Social Media During a Crisis: Amplifying Information and Finding Truth


The impact of social media on mainstream news and offline media is never more prevalent than at a time of crisis. This is regardless of whether social platforms, like Facebook or Twitter, are responsible for spreading the truth, or a misinformed version of such.

According to an article from Mashable, the offline news media are not able to keep up with the pace of Twitter. This assertion follows the Boston Marathon bombings on Monday 15 April, when Twitter was littered with updates on the situation as it was unfolding. All new information, whether accurate or not, appeared on Twitter almost instantly.
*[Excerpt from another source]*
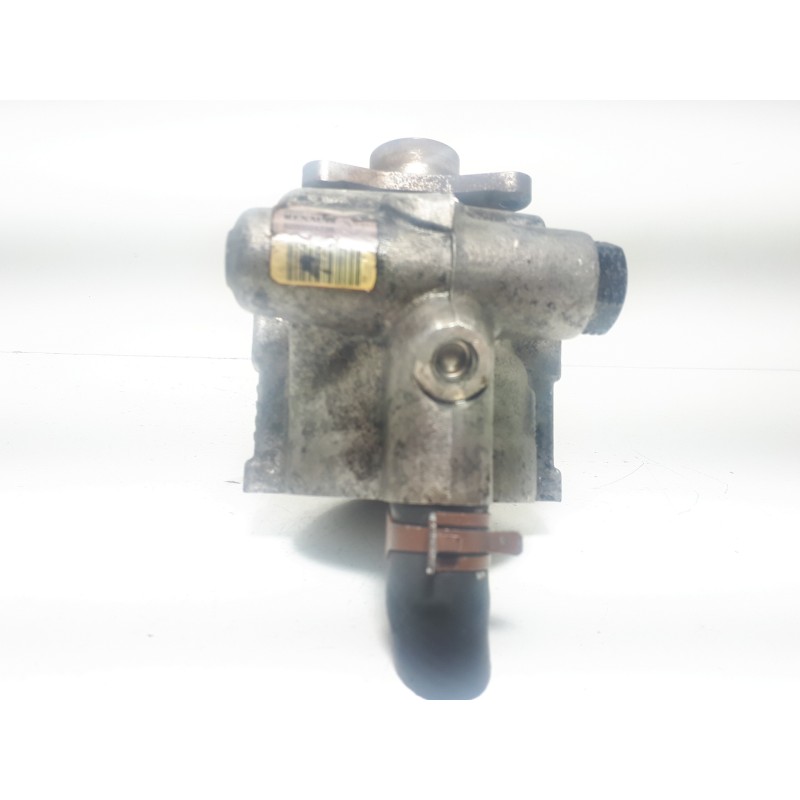 Recambio de bomba direccion para opel vivaro furgón/combi (07.2006 =>) combi l1h1 2,9t edition referencia OEM IAM 8200024738 260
Another example of social-news-spreading is the West Texas fertiliser plant explosion, which happened just a few days later on Thursday 18 April. This event saw a particular video circulated around the world by many, including major news corporations like CNN and the BBC. This video was a 55-second, mobile clip uploaded to YouTube by Derrick Hurtt, a local resident who was driving past with his daughter at the time of the blast.

This indicates that audiences are no longer simply passive absorbers of news, and can instead shape how it’s delivered.

Immediacy and access prevail

Conversations and content sharing on social platforms happens regardless of the attempted control of traditional, mainstream media. Boston-bombings

In the immediate aftermath of the before-mentioned Boston bombings, Boston Police Department were quick to enter conversations online, listening and encouraging users to share their amateur video footage of what happened. They used Twitter to track and correct the misinformation that media outlets, as well as citizens, were spreading. They were able to lead and connect with the community, whilst reducing fear.

Crowdsourcing content

In the hours and days following the Boston incident, the FBI encouraged crowdsourcing efforts when it looked to the online community for help in its investigation. Users of Reddit set up a subreddit dedicated to finding the bombing suspects. While this kind of speculation can be dangerous and personal views unaccountable, it was easy for users to contribute and provide information.

Journalists now rely so heavily on user generated content (UGC) that services like Scoopshot have been developed. Scoopshot is a crowdsourcing app that allows media companies to request photos and videos from users, related to a particular news item or subject, then reward them for such.

Finding quality in user generated content (UGC)

So we’ve established social media can often be the most effective news source for real time updates during a crisis. But in a sea of social content, how do you decide who – or what – to believe, share and/or comment on?

A number of tools have been founded to provide extra value to social media consumers seeking additional and accurate information, including companies that want to ensure they report only true content on their platforms:

anonymous-hacker-collectiveAnonymous: This notorious hacker collective recently launched a site dedicated to citizen-created journalism, collecting data and live streaming events “as they are taking place, instead of the 10-second sound bites provided by the corporate media.” Anonymous claims this service will be beneficial to their followers looking for a community beyond social media interactions. However, due to the anonymity and political bias of the group, caution should still be applied when sourcing information from the site.


Storyful: This site describes itself as being the “first news agency of the social media age.” It discovers and verifies content, providing accountability and truth at times of crisis. Similarly, geo-location tools like GeoFeedia and iWitness help to identify sources at specific locations.


Be your own news curator

Over two years ago, founder of Storify, Burt Herman, wrote in The New York Times:

“A new class of gatekeepers has arisen, people whose reputations are built on their ability to highlight relevant information to their audiences. We are still looking for the right word to call these new gatekeepers, but so far ‘curator’ is what appears most appropriate.”

Today then, we should be our own curators — consuming, verifying and disseminating what is accurate and relevant. Information is bountiful and easily available, but good reputations rely on users acting on the accurate alone. In a world of instant communication, we need to make a conscious effort to stop and think about what we’re writing and sharing with others online.

Further takeaways

  • Do follow authoritative news organisations on social media for up to date information
  • Do find a reporter that you trust, and share his/her updates with your fans – without your own commentary
  • Do suspend any automatic, scheduled updates that may appear insensitive and robotic at time of crisis
  • Don’t promote invalidated information
  • Do be your own news curator and share relevant, accurate information with your audience


What is your advice for sharing added value and accurate content on social media at a time of crisis?